Barricate degli Arditi del Popolo a Parma, 1922

Nonostante questo, il Pcd’I fece un clamoroso errore di sottovalutazione: “Se veramente la borghesia andrà sino in fondo e nella reazione bianca strozzerà la socialdemocrazia, preparerà – non sembri un paradosso – le migliori condizioni per la sua rapida sconfitta da parte della rivoluzione.” (Rassegna comunista, 15 aprile 1921 in Spriano, Storia del partito comunista, vol. 1, p. 127, Editori riuniti).

Allo stesso tempo il Pcd’I ebbe un atteggiamento settario nei confronti degli Arditi del popolo, un movimento nato sì nel contesto reazionario del combattentismo, ma da cui si distaccarono con un chiaro programma di lotta antifascista. Nonostante l’afflusso spontaneo da parte di attivisti socialisti, anarchici e comunisti in diverse città, dove sorsero sotto questa sigla gruppi che si richiamavano apertamente a tradizioni rivoluzionarie, il Pcd’I ordinò ai suoi militanti di lasciare gli Arditi, ammettendo come unica forma di organizzazione militare antifascista quella condotta su basi di partito.

Questo atteggiamento di chiusura veniva giustificato con un’“analisi del sangue” del movimento che si basava su elementi secondari (come il fatto che il suo leader Argo Secondari fosse un anarchico avventuriero) e fu aspramente criticato dall’Internazionale comunista (Ic): “Dove erano i comunisti i quel momento? [mentre gli Arditi del popolo lottavano] Erano occupati ad esaminare con una lente d’ingrandimento il movimento per decidere se era sufficientemente marxista e conforme al programma?” (Spriano, ibidem, p. 150). L’Ic incitava a intervenire nel movimento, forte dell’esempio della rivoluzione russa del 1905 guidata dal pope Gapon.

E’ in questo senso che, nel caratterizzare un movimento, è necessario un approccio dialettico che sia in grado di vedere non solo da dove arriva, ma soprattutto in che direzione si muove, per poter distinguere ciò che è reazionario da ciò che ha un contenuto progressista.

 

La “linea Schlageter” (o come inseguire la destra)

Il fatto che le masse piccolo-borghesi possano essere mobilitate in senso reazionario pone di fronte al proletariato il compito di sottrarle alle destre e conquistarle ad una politica rivoluzionaria.

Questa questione fu affrontata dal partito comunista tedesco (Kpd) nel 1923 in un contesto di profonda crisi economica e sociale, con le pesanti condizioni imposte dal trattato di Versailles dopo la sconfitta nella Prima guerra mondiale e l’occupazione della Ruhr da parte dell’esercito francese.
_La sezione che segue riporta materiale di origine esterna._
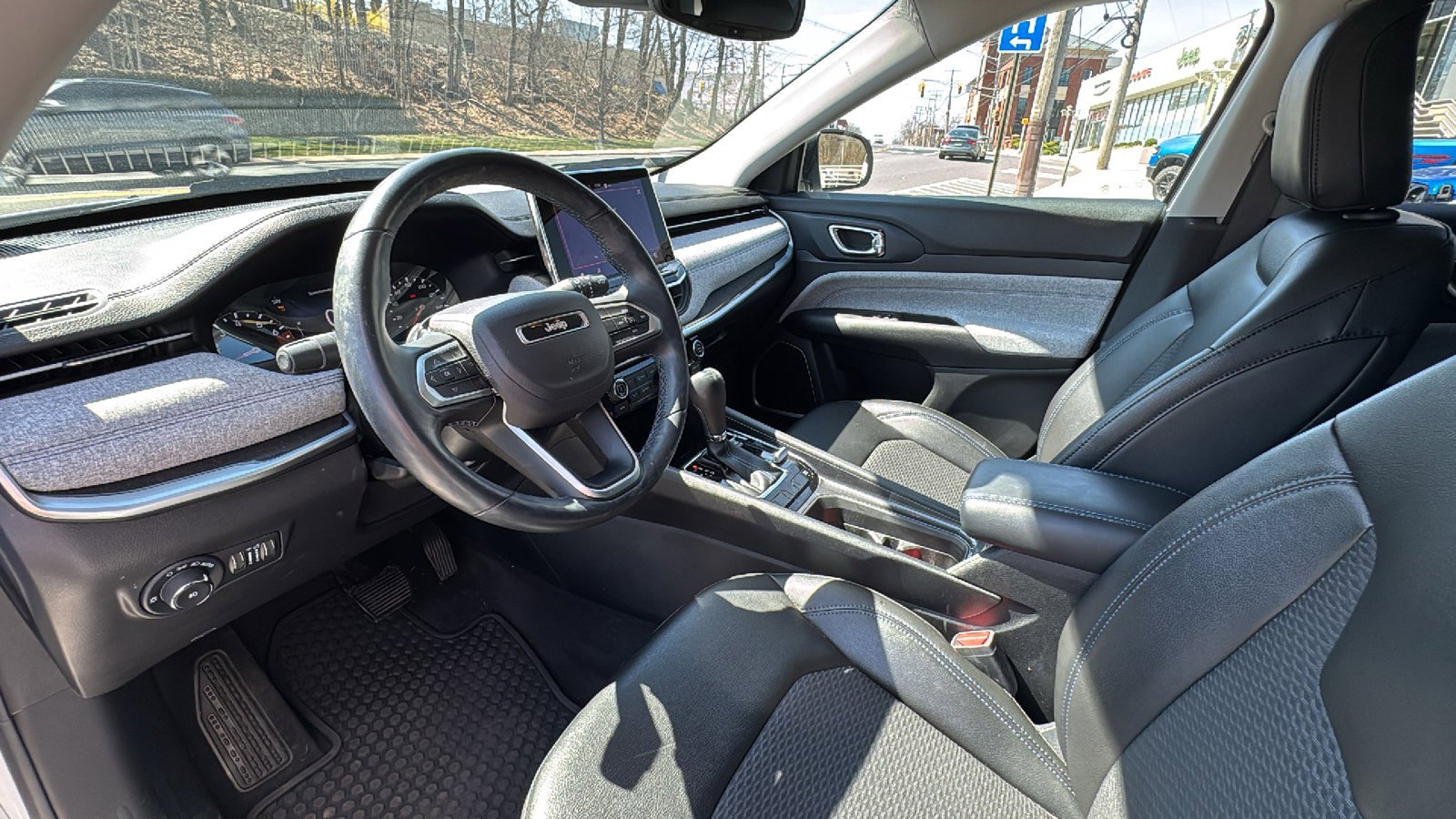 Certified 2022 Jeep Compass Latitude w/ Convenience Group AWD/4WD image 16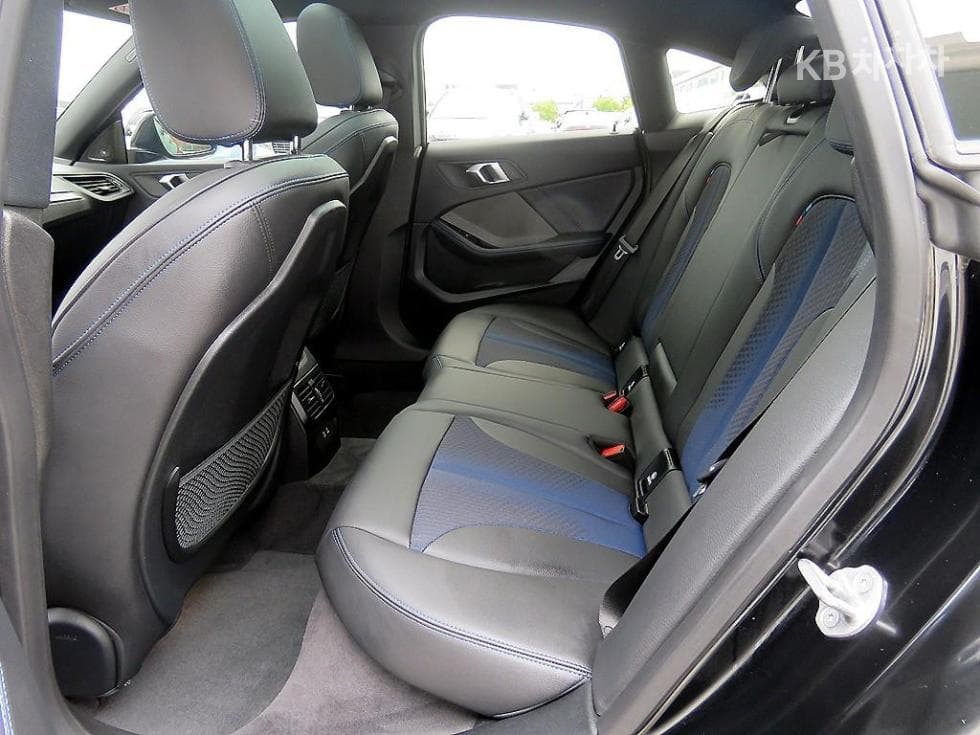 بي إم دبليو - 2-Series | Gran Coupe 220 Advantage 6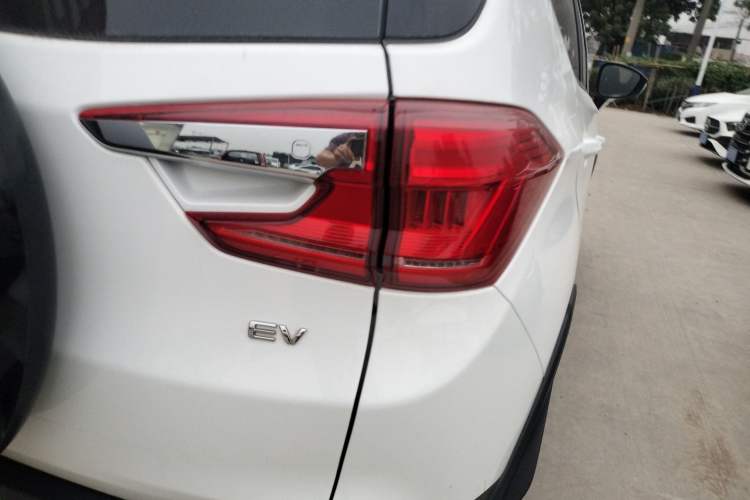 Used BYD Yuan New Energy 2019 EV535 Smart Connect Trendsetting Model
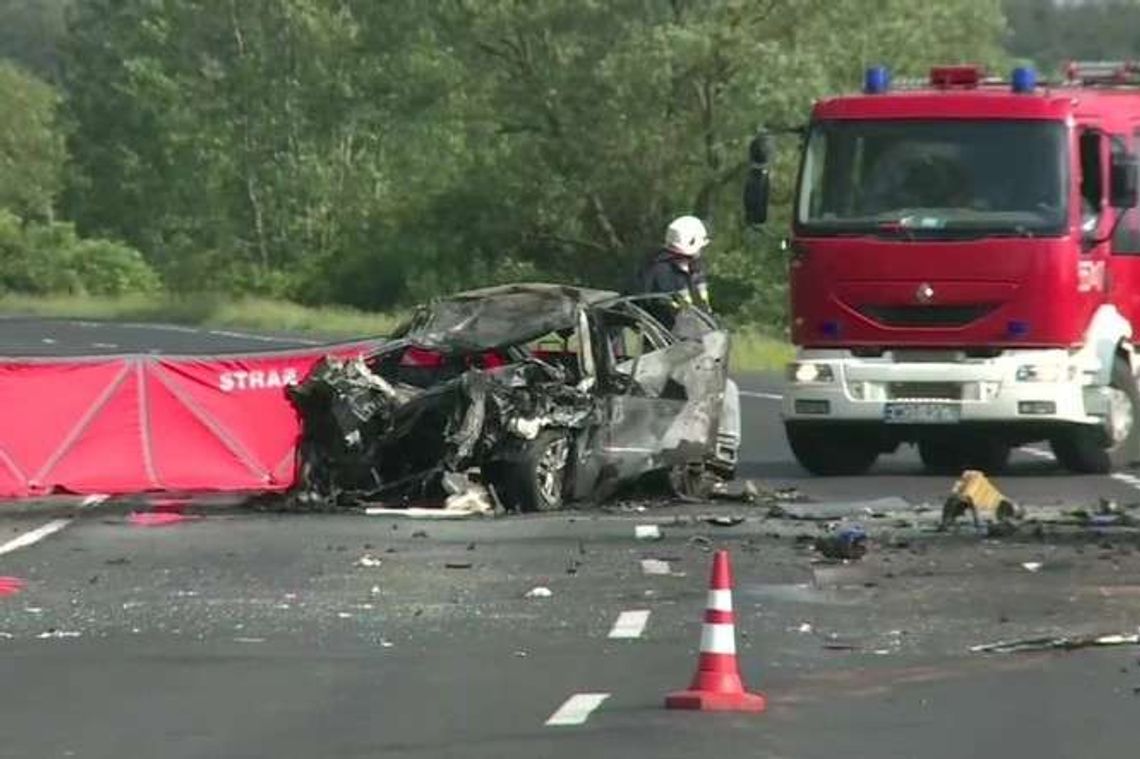 Kobieta spłonęła w samochodzie. Zderzenie z ciężarówką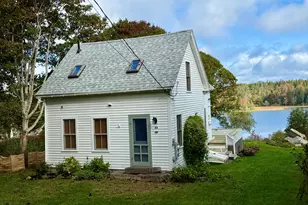 22 Washington School Rd, Vinalhaven, ME 04863 - Photo 26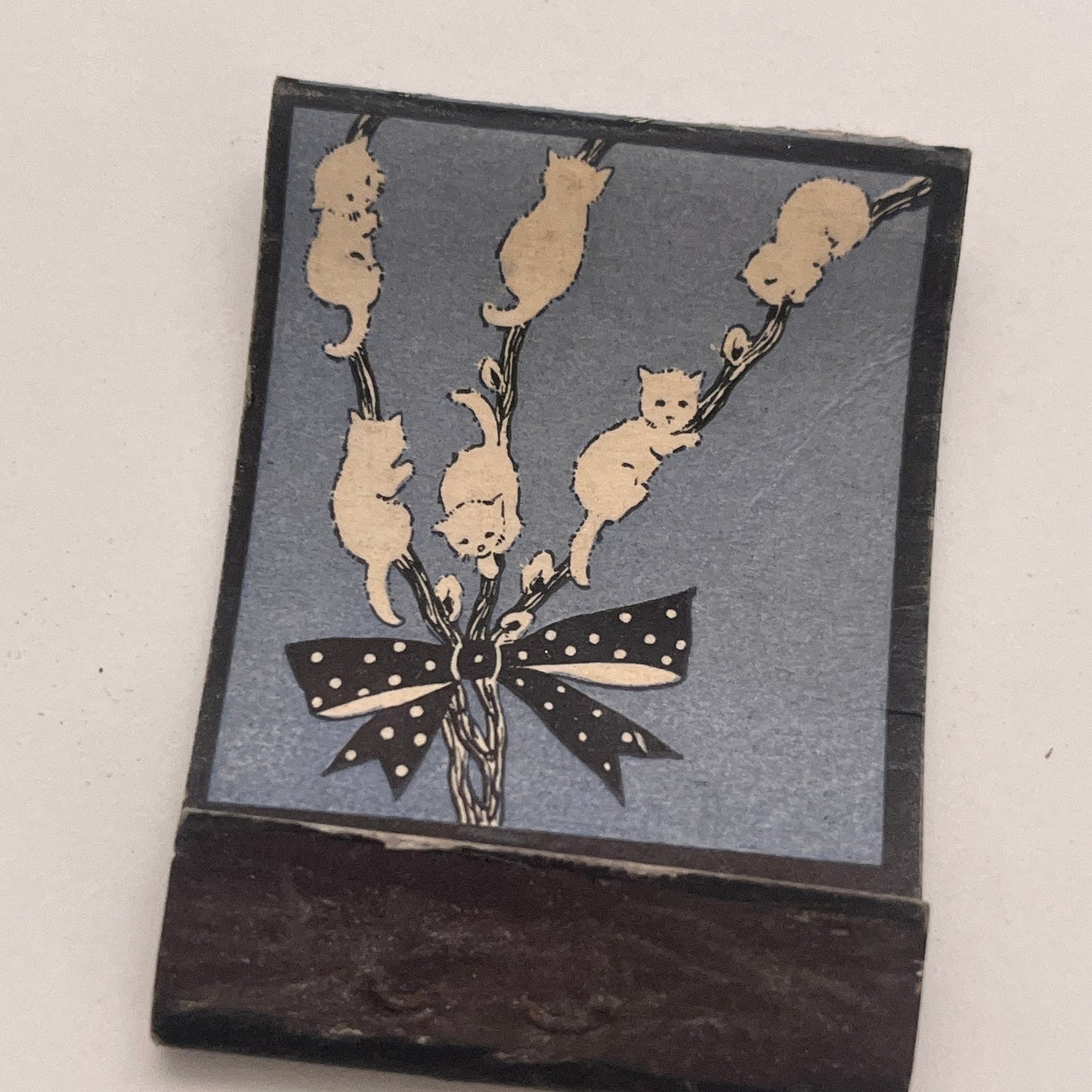 White Fluffy Kittens on a Bow Vintage Matchbook Cover TB8-MB2-4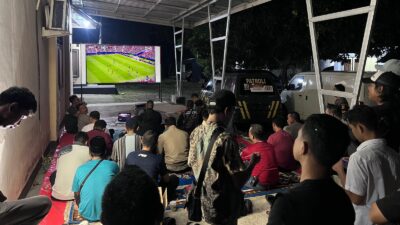 Seru! Polsek Kediri Gelar Nobar World Cup 2026 Bareng Warga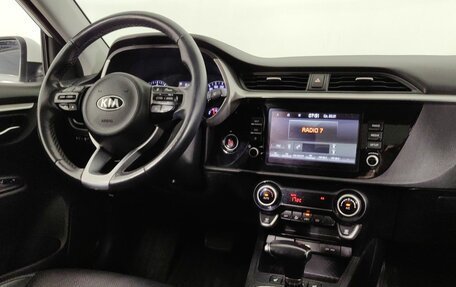 KIA Rio IV, 2020 год, 1 395 000 рублей, 9 фотография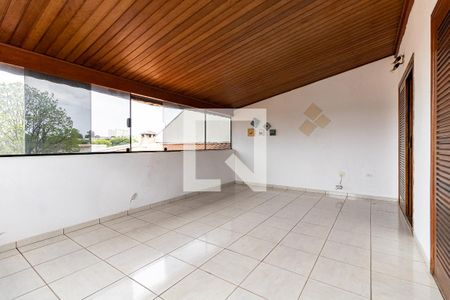 Casa para alugar com 300m², 3 quartos e 5 vagas Casa para alugar com 300m², 3 quartos e 5 vagasVaranda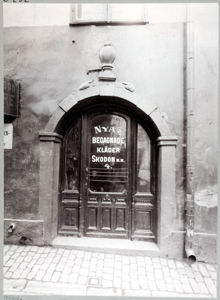 Portalen till Kindstugatan 4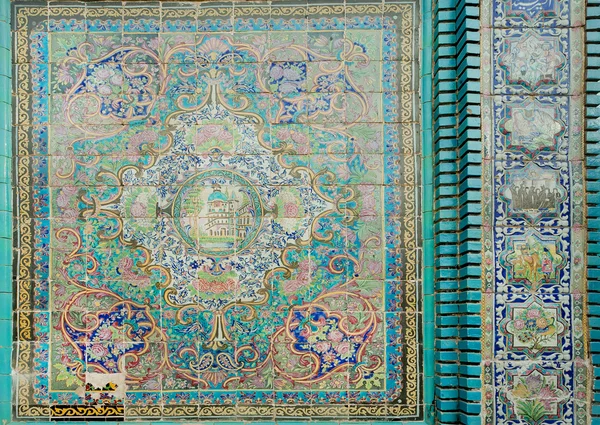 Old tiles with traditional Persian patterns on historical mosque of Iran — Stock Photo, Image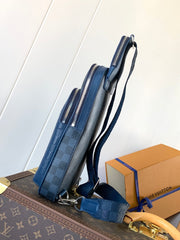 AVENUE SLINGBAG 31 IN NAVY BLUE TAIGA LEATHER WITH WHITE LOGO PRINTED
Un contesto che allo stesso tempo era di crisi rivoluzionaria e di forte polarizzazione, e che vide un decisivo rafforzamento del radicamento del partito comunista nel movimento operaio, con un terzo della classe sotto la sua influenza e posizioni rilevanti nei suoi settori decisivi (portuali, metalmeccanici, ecc.).

Anche il nazionalismo era in ascesa in seguito all’occupazione francese e nell’estate del 1923 fu lanciata la cosiddetta «linea Schlageter» che prendeva il nome da un membro dei Freikorp (l’organizzazione paramilitare di estrema destra che assassinò Rosa Luxemburg e Karl Liebknecht) che venne giustiziato dai francesi per aver organizzato un attentato su una linea ferroviaria.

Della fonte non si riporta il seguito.